No caso desta última dificuldade, acima elencada, observa-se um problema de muito difícil enfrentamento, uma vez que o trabalho que consiste na emissão de pareceres é complexo, requer atenção e tempo significativo e não tem sido devidamente valorizado como um produto acadêmico a ser contabilizado à altura em relação às outras exigências que são feitas aos professores no contexto de suas atuações. Sendo uma tarefa eminentemente voluntária, a falta de incentivo à sua realização tende a gerar a sua recusa por parte dos consultores eleitos em função de sua comprovada maturidade científica pelos editores de revistas.

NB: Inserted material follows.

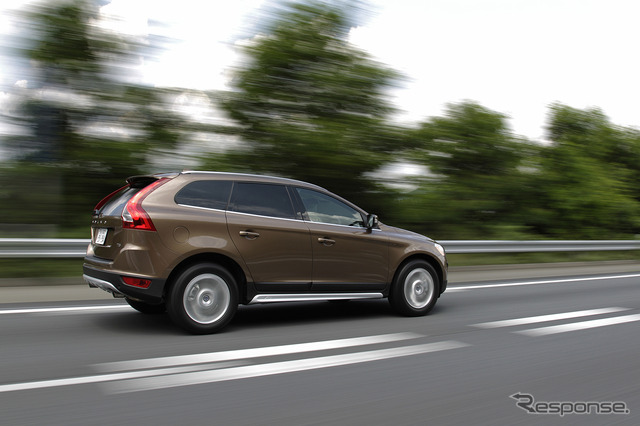 VOLVO XC60 T5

O risco do agravamento dessa tendência pode vir a afetar de forma drástica a prática da avaliação dupla-cega, procedimento que tem se mostrado essencial para o controle de qualidade das publicações científicas em geral amplamente defendida por editores de periódicos científicos como garantidora da relevância, da coerência teórica e metodológica dos textos científicos. Nesse sentido, é urgente a discussão e a busca de estratégias mais efetivas e coletivas que possam garantir a manutenção da saúde dessa importante prática e de sua efetivação em tempo hábil, de modo a não comprometer a periodicidade das publicações.
Em face de todos os problemas apontados, a presente edição da Revista de Psicologia rende uma homenagem a todos aqueles que, de forma verdadeiramente heroica, se mantém comprometidos em assegurar a continuidade, a qualidade e a ética do processo de editoração de todos os periódicos científicos brasileiros e, particularmente, a do nosso. Agradecemos e exaltamos todos os pesquisadores que contribuíram nos bastidores com o processo de avaliação e emissão de pareceres e outros tipos de trabalho igualmente relevantes à consecução de sua missão ao longo desses 39 anos de existência.
Destaca-se, na atual edição, a incidência de um maior número de artigos dedicados a relatos de pesquisas realizadas numa pluralidade de instituições brasileiras de ensino superior, seguidas de estudos teóricos e relatos de experiência. Como tem sido costume, contamos ainda com uma conferência e uma resenha. De forma geral, esses textos tratam de problemas relativos aos campos da Psicologia social, da saúde coletiva, da saúde mental e ao das práticas clínicas de orientações diversas, reatualizando com isso a feição plural com que a Psicologia tem sido acolhida por este periódico.